When you reach the line containing "Light Pink vector", begin copying, and keep copying each line exactly until the listing ends.
===== RECORDS FOR THE EXERCISE
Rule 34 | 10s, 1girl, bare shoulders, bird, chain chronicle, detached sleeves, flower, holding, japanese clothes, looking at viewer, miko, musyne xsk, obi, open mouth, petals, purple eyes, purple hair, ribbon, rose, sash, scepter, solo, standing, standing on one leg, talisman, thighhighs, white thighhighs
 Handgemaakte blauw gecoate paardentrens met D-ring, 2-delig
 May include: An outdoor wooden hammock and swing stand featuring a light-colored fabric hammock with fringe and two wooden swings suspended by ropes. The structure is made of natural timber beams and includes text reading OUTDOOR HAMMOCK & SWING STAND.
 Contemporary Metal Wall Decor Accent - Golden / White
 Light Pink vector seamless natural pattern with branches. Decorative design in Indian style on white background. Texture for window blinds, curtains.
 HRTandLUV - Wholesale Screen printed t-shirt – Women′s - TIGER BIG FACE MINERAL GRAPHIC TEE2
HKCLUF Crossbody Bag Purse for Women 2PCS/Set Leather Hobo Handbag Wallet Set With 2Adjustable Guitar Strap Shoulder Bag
==========
COMPLETED TASK:
 Light Pink vector seamless natural pattern with branches. Decorative design in Indian style on white background. Texture for window blinds, curtains.
 HRTandLUV - Wholesale Screen printed t-shirt – Women′s - TIGER BIG FACE MINERAL GRAPHIC TEE2
HKCLUF Crossbody Bag Purse for Women 2PCS/Set Leather Hobo Handbag Wallet Set With 2Adjustable Guitar Strap Shoulder Bag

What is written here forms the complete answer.